Making commits, starting with a completely empty repository
Suppose we have a completely empty repository, with no commits in it. If we were to go to draw the commits, we'd just end up with a blank drawing, or blank whiteboard. So let's make the first commit, by git adding some files, such as a README, and running git commit.
This first commit gets some big ugly hash ID, but let's just call it "commit A", and draw it in:
A
That's the only commit. So ... what's its parent?
The answer is, it doesn't have any parent. It's the first commit, so it can't. So it doesn't have a parent line after all. This makes it a root commit.

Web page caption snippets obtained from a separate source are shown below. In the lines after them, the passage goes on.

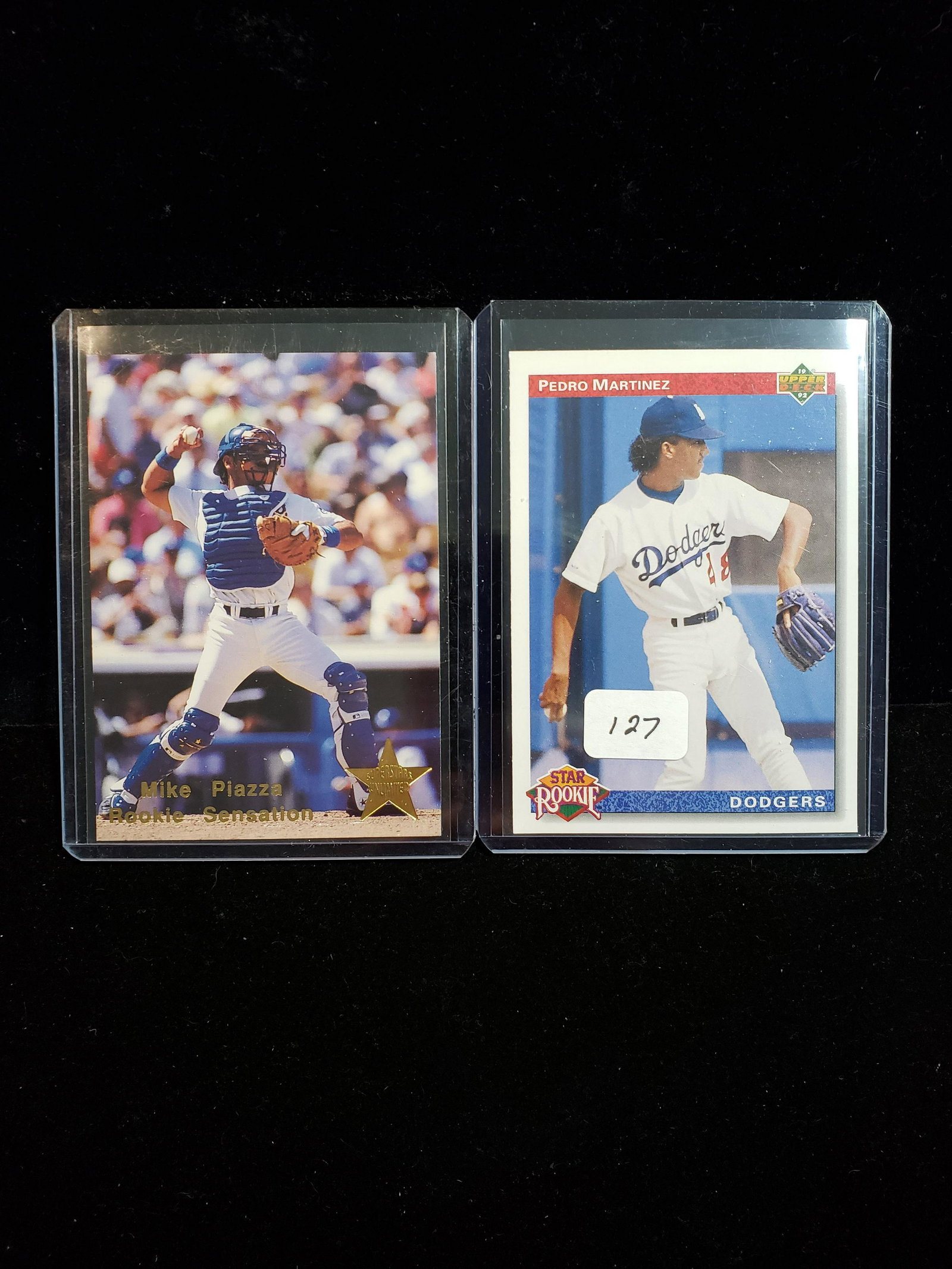 LOS ANGELES DODGERS HALL OF FAMERS ROOKIE CARDS (1 of 1)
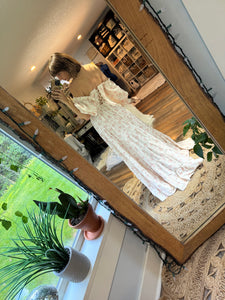 (Two top one skirt) Flash sale ready to ship two piece floral dress fits bigger busts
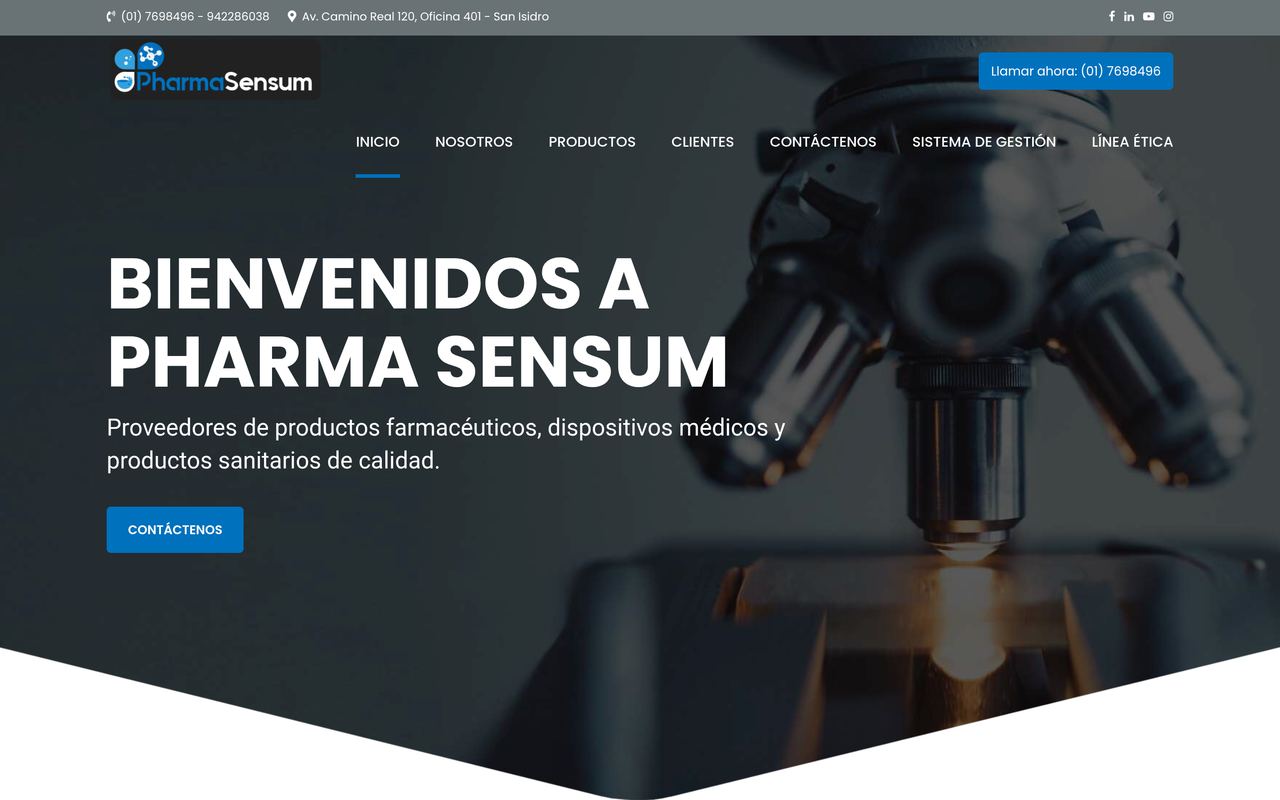 Sitio web de Pharma Sensum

Let's make a second commit, by making a useful file, not just a README. Then we'll git add that file and git commit. The new commit gets another big ugly hash ID, but we'll just call it B. Let's draw it in:
A <-B
If we look at B with git cat-file -p <hash for B>, we'll see that this time we have a parent line, and it shows the hash for A. We say that B "points to" A; A is B's parent.
If we make a third commit C, and look at it, we'll see that C's parent is B's hash:
A <-B <-C
So now C points to B, B points to A, and A is a root commit and doesn't point anywhere. This is how Git's commits work: each one points backwards, to its parent. The chain of backwards pointers ends when we reach the root commit.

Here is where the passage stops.